As illustrated in Table 8, income is found to have no association with ‘too
far’, ‘too expensive’, ‘lack of trust’ and ‘lack of money’. Instead, ‘religious
reasons’ and ‘family member’ seem to have an impact on the individuals in the
third and fourth income quintiles, but in opposite directions. In particular, the
positive coefficient estimates of INC3 and INC4 in Model (VII) indicate that
another family member having an account represents a barrier to financial
inclusion for the middle income individuals and 20 percent of individuals just
below the richest segment. On the contrary, religious concerns seem to be less
problematic for the individuals in the third and fourth income quintiles.
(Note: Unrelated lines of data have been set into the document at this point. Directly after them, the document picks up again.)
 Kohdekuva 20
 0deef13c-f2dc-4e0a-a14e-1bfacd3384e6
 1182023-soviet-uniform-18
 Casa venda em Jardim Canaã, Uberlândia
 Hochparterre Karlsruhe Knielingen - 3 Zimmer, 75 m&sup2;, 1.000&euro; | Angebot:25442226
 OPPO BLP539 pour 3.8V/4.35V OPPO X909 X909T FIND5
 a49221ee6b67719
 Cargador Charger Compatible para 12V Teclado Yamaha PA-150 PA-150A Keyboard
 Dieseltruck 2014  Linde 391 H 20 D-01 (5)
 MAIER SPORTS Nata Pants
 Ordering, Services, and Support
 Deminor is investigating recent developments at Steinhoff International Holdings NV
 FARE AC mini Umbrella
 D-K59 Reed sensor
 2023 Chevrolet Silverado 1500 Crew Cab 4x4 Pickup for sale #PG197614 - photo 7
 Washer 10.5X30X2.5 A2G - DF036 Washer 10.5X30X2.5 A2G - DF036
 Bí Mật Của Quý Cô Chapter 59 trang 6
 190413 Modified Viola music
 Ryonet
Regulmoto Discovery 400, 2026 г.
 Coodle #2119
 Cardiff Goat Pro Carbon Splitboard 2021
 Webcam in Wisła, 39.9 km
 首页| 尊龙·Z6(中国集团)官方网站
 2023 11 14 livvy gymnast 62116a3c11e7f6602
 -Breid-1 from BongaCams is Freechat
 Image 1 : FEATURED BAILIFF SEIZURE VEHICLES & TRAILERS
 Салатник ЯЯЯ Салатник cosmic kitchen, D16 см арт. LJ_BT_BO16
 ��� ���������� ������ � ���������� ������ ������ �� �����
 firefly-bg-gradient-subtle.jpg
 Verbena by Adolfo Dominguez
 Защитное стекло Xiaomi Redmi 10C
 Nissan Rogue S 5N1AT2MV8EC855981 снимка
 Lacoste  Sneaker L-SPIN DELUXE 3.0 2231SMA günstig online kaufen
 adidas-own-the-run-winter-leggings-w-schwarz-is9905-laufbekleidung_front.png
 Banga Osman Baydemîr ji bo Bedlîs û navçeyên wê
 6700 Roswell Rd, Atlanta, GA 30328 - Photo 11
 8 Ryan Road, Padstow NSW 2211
Moreover, the results displayed in Model (III) suggest that documentation
requirements do not play an important role in explaining financial exclusion, as
the dummy variable for INC4 is significantly negative. Considering ‘no need for
financial services’, estimation results as regards with income seem to be quite
mixed in terms of significance, as the dummy variables for INC2 and INC4 are
positive and statistically significant, whereas INC1 and INC3 are reported as
statistically insignificant. Hence, these results render any solid conclusions
skeptical for that case.
Overall, these findings altogether point out that the involuntary self-
reported barriers of ‘too far’ and ‘lack of trust’ appear to have no association with
any of the individual attributes. Among individual characteristics, gender
emerged as the most significant characteristic in explaining reasons for not
having a formal account, whereas age is only found to have an impact on
religious concerns. Furthermore, education and income appear to be associated
with different motives for financial exclusion. In sum, it seems that each one
these individual characteristics appears to be significant in explaining different
voluntary and involuntary self-reported barriers behind financial exclusion in
Turkey, which could provide useful insights for policy building.
Conclusion
According to the World Bank Global Findex data, the proportion of
Turkish adult population who had an account at the formal financial institution
stands at 68 percent in 2017. While this figure stands close to the world average
of 67 percent, it is remarkably low when compared with that of most of the OECD
member countries and the average of upper middle income countries. Evidently,
a better understanding of the level and determinants of financial inclusion in
Turkey is at utmost importance to expand financial services to all and facilitate
further development goals.
Ekin Ayşe Özşuca Financial Inclusion in Turkey: Evidence from Individual Level Data
21
As for the Turkish economy, there are just a couple of papers that focus on
financial inclusion issue. In this regard, this study aims to contribute to the scant
literature on financial inclusion in Turkey by placing special emphasis on how
individual attributes impinge on different dimensions of financial inclusion and
on barriers among the financially excluded population. Using 2017 Global
Findex data set, a multivariate probit analysis is utilized to explore the predictive
power of several factors on financial inclusion.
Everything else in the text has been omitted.